Entgegen der Auffassung der Verwaltungsbehörde unterbrachen nämlich weder der Erlass noch die Zustellung des zweiten Bußgeldbescheids (Bl. 69 f.d.A.) die Verjährung, da dieser nichtig ist und somit keine Rechtswirkungen entfalten kann. Grundsätzlich kann, solange ein Bußgeldbescheid existiert, aufgrund des Grundsatzes ne bis in idem wegen derselben Tat kein zweiter Bußgeldbescheid erlassen werden (KK-OWiG/Kurz, 5. Aufl. 2018, § 65 Rn. 24). Im vorliegenden Fall existierte, in Gestalt des (ersten) Bescheids vom 20.01.2022 (Bl. 47 f. d.A.), bereits ein Bußgeldbescheid in gleicher Sache, sodass die Verwaltungsbehörde am Erlass eines weiteren Bußgeldbescheids wegen derselben Tat gegen denselben Betroffenen gehindert war. Der erste Bußgeldbescheid war insbesondere auch nicht durch die fehlgeschlagene Zustellung unwirksam. Denn ein Bußgeldbescheid erlangt bereits mit seinem Erlass, nicht erst mit seiner Zustellung, Rechtswirksamkeit. Erlassen ist ein Bußgeldbescheid, wenn er vollinhaltlich aktenmäßig zur Kenntnis von Personen außerhalb der Verwaltungsbehörde niedergelegt ist und entweder unterschrieben ist oder aus den Umständen erkennbar ist, dass die in den Akten befindliche Entscheidung auf dem Willen des zuständigen Behördenbediensteten beruht (KK-OWiG/Kurz, 5. Aufl. 2018, § 65 Rn. 10 f. m.w.N.). Spätestens mit dem (wenn auch erfolglosen) Versuch der Zustellung des Bescheids an den Betroffenen ist der Wille der Sachbearbeiterin, den Bescheid zur Kenntnis von Personen außerhalb der Verwaltungsbehörde zu geben, aktenersichtlich zum Ausdruck gekommen, sodass der Bußgeldbescheid im Rechtssinne erlassen wurde.

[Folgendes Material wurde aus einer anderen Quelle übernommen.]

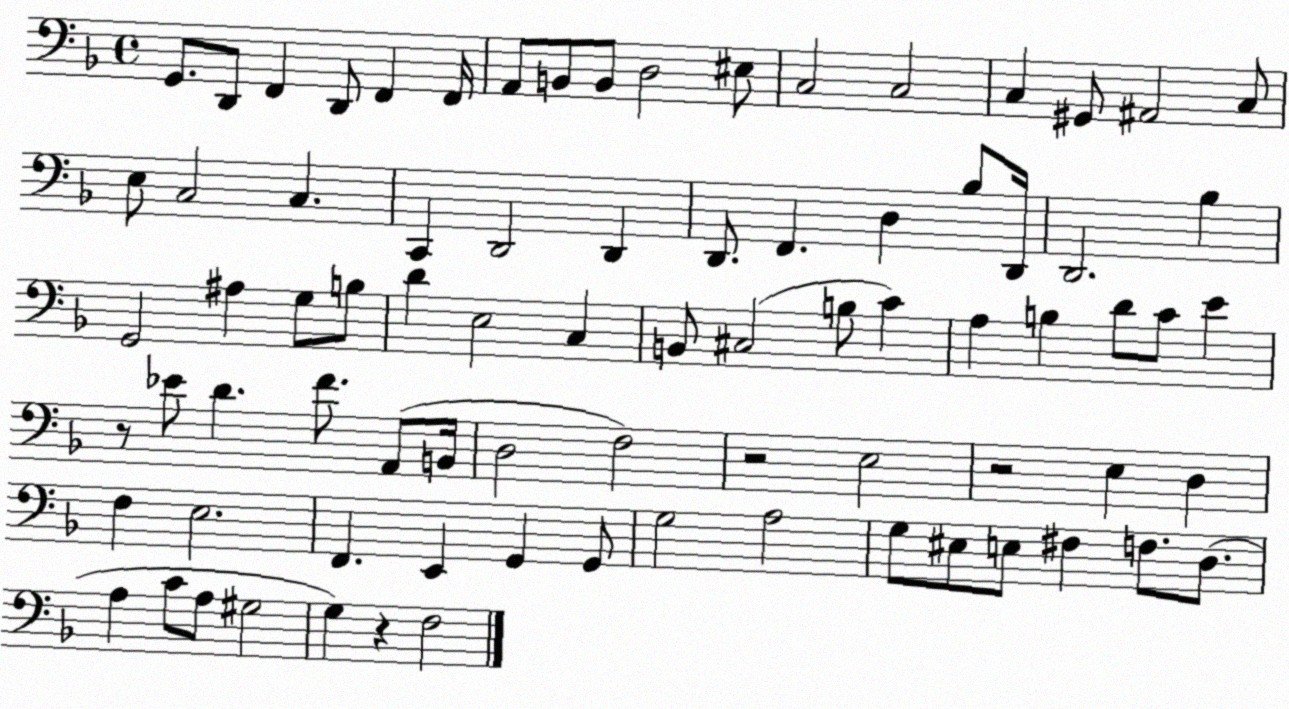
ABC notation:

X:1
T:Untitled
M:4/4
L:1/4
K:F
G,,/2 D,,/2 F,, D,,/2 F,, F,,/4 A,,/2 B,,/2 B,,/2 D,2 ^E,/2 C,2 C,2 C, ^G,,/2 ^A,,2 C,/2 E,/2 C,2 C, C,, D,,2 D,, D,,/2 F,, D, _B,/2 D,,/4 D,,2 _B, G,,2 ^A, G,/2 B,/2 D E,2 C, B,,/2 ^C,2 B,/2 C A, B, D/2 C/2 E z/2 _E/2 D F/2 A,,/2 B,,/4 D,2 F,2 z2 E,2 z2 E, D, F, E,2 F,, E,, G,, G,,/2 G,2 A,2 G,/2 ^E,/2 E,/2 ^F, F,/2 D,/2 A, C/2 A,/2 ^G,2 G, z F,2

Sofern die Behörde, wofür die Angaben in der Verfahrensübersicht sprechen könnten, davon ausgegangen sein sollte, dass es sich bei dem inhaltlich abgeänderten Bußgeldbescheid (Bl. 69 f. d.A.) nicht um einen Neuerlass, sondern lediglich um eine Art Modifizierung, Berichtigung oder Ergänzung des Ursprungsbescheids handelt, würde auch dies nichts am Eintritt der Verfolgungsverjährung ändern. Ein einmal erlassener Bußgeldbescheid kann, auch wenn er dem Betroffenen nicht (wirksam) zugestellt wurde, nachträglich nicht mehr abgeändert werden; Änderungen sind dann nur noch über eine Rücknahme und einen Neuerlass möglich. Hält die Behörde einen früheren Bußgeldbescheid für fehlerhaft oder möchte sie ihn ergänzen, so steht es ihr frei, diesen, so lange das Verfahren noch bei ihr anhängig und der Bußgeldbescheid noch nicht in Rechtskraft erwachsen ist, diesen zurückzunehmen und einen neuen, inhaltlich abweichenden, Bußgeldbescheid zu erlassen (vgl. etwa OLG Stuttgart, VRS 68, 128 ff.; OLG Düsseldorf, NJW 1986, 1505; OLG Köln, NStZ-RR 1998, 375 f.). Hierzu bedarf es jedoch zweier, ggf. auch in einer Urkunde zusammenzufassender, Entscheidungen der Verwaltungsbehörde, nämlich der Rücknahme des früheren Bescheids und des Erlasses eines neuen Bescheids (freilich dann auch nicht unter dem Datum des früheren Bescheids, sondern unter dem Datum des Tages des Neuerlasses). Indes wäre es im vorliegenden Fall auch möglich gewesen, den ursprünglichen Bußgeldbescheid (Bl. 47 f. d.A.) unter der ermittelten Anschrift neu zuzustellen. Dass in dem Bescheid dann eine mit der Zustellanschrift des Betroffenen nicht (vollständig) identische Anschrift enthalten gewesen wäre, wäre unschädlich gewesen, da eine Zuordnung zum Betroffenen anhand der übrigen Angaben im Bescheid (insb. Geburtsdatum und Geburtsort) ohne Weiteres möglich geblieben wäre. Sofern die Behörde allerdings auch die weiteren Zustellkosten dem Betroffenen auferlegen will oder der Auffassung ist, die Identifizierbarkeit des Betroffenen sei aufgrund der fehlerhaften Anschrift nicht mehr gegeben (was vorliegend angesichts eines bloßen Schreibfehlers im Straßennamen jedoch fernliegt), verbleibt nur der Weg über eine Rücknahme des alten Bescheids und einen Neuerlass.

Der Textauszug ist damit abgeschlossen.